On 21/11/2023 12.47, Marc-André Lureau wrote:
Hi
On Tue, Nov 21, 2023 at 1:45 PM Thomas Huth <th...@redhat.com> wrote:
On 21/11/2023 10.39, Marc-André Lureau wrote:
Hi
On Mon, Nov 20, 2023 at 5:36 PM Nicholas Piggin <npig...@gmail.com> wrote:
On Mon Nov 20, 2023 at 10:06 PM AEST, Marc-André Lureau wrote:
Hi
On Thu, Nov 16, 2023 at 3:54 PM Nicholas Piggin <npig...@gmail.com> wrote:
If a chardev socket is not read, it will eventually fill and QEMU
can block attempting to write to it. A difficult bug in avocado
tests where the console socket was not being read from caused this
hang.
warn if a chardev write is blocked for 100ms.

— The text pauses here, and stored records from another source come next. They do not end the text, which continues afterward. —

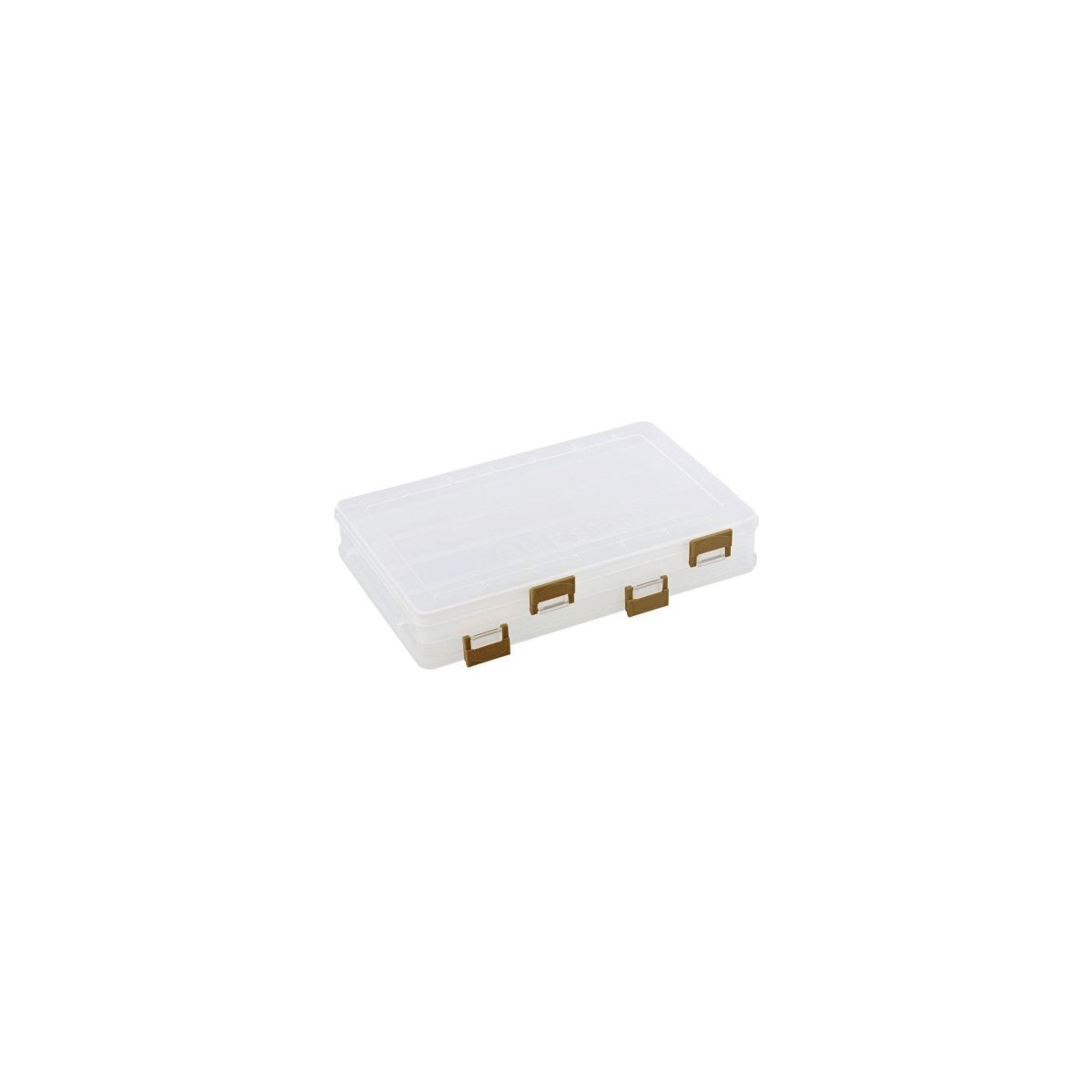 pudelko-w3-lure-box-double-sided-westin pudelko-w3-lure-box-double-sided-westin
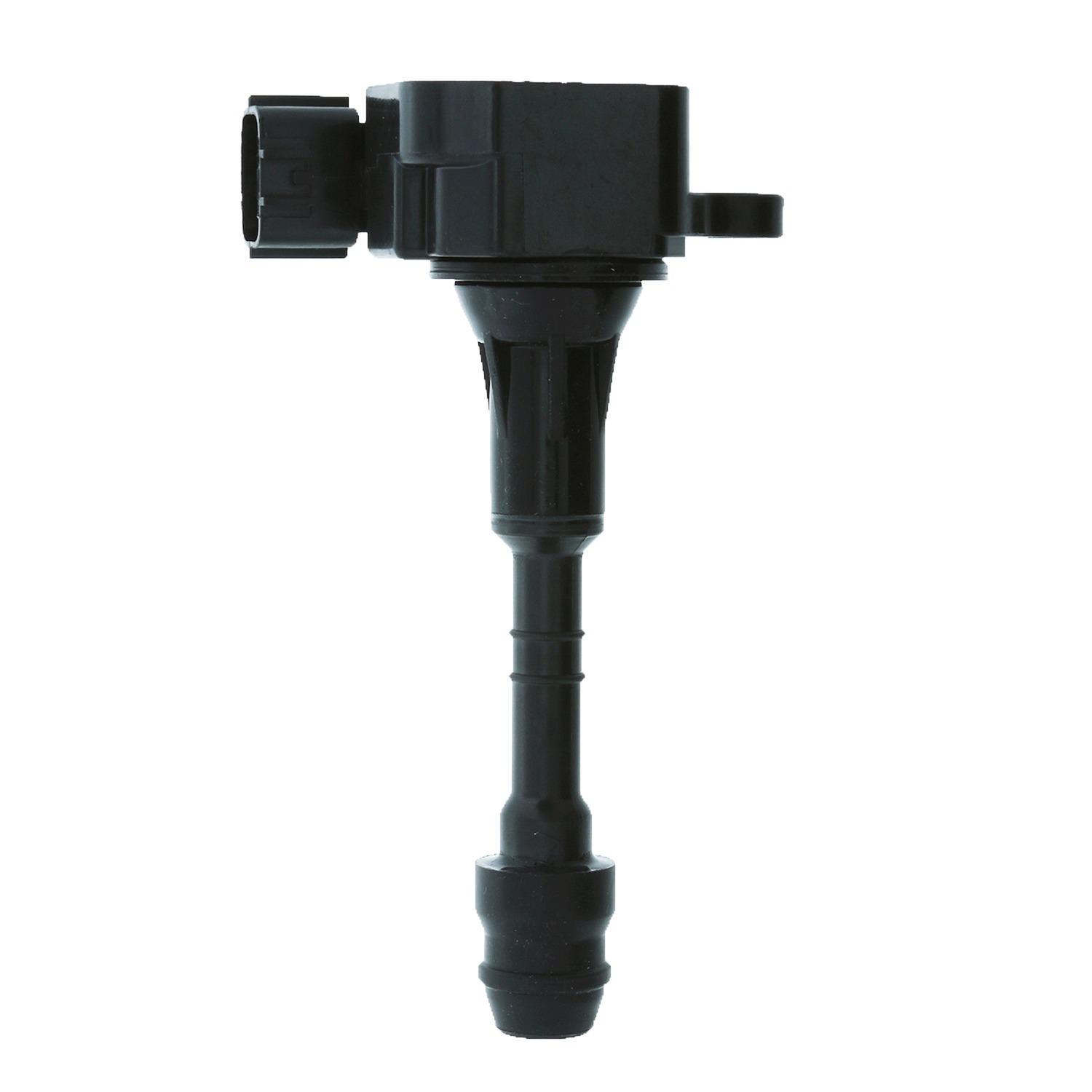 MotoRad 1IC176 - Ignition Coil MotoRad 1IC176 Direct Ignition Coil product image 5 of 9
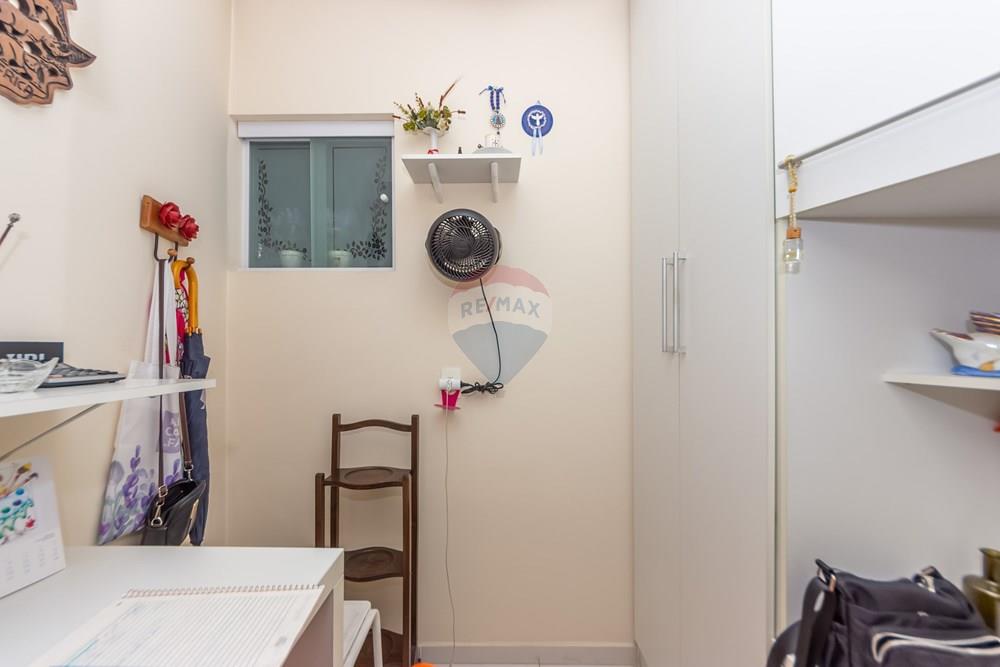 Apartamento - Venda - São Caetano do Sul , São Paulo - IMG_828426.jpg - 630821022-44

Signed-off-by: Nicholas Piggin <npig...@gmail.com>
---
This is not necessary for the fix but it does trigger in the
failing avocado test without the previous patch applied. Maybe
it would be helpful?
Thanks,
Nick
chardev/char.c | 6 ++++++
1 file changed, 6 insertions(+)
diff --git a/chardev/char.c b/chardev/char.c
index 996a024c7a..7c375e3cc4 100644
--- a/chardev/char.c
+++ b/chardev/char.c
@@ -114,6 +114,8 @@ static int qemu_chr_write_buffer(Chardev *s,
{
ChardevClass *cc = CHARDEV_GET_CLASS(s);
int res = 0;
+ int nr_retries = 0;
+
*offset = 0;
qemu_mutex_lock(&s->chr_write_lock);
@@ -126,6 +128,10 @@ static int qemu_chr_write_buffer(Chardev *s,
} else {
g_usleep(100);
}
+ if (++nr_retries == 1000) { /* 100ms */
+ warn_report("Chardev '%s' write blocked for > 100ms, "
+ "socket buffer full?", s->label);
+ }
That shouldn't happen, the frontend should poll and only write when it
can. What is the qemu command being used here?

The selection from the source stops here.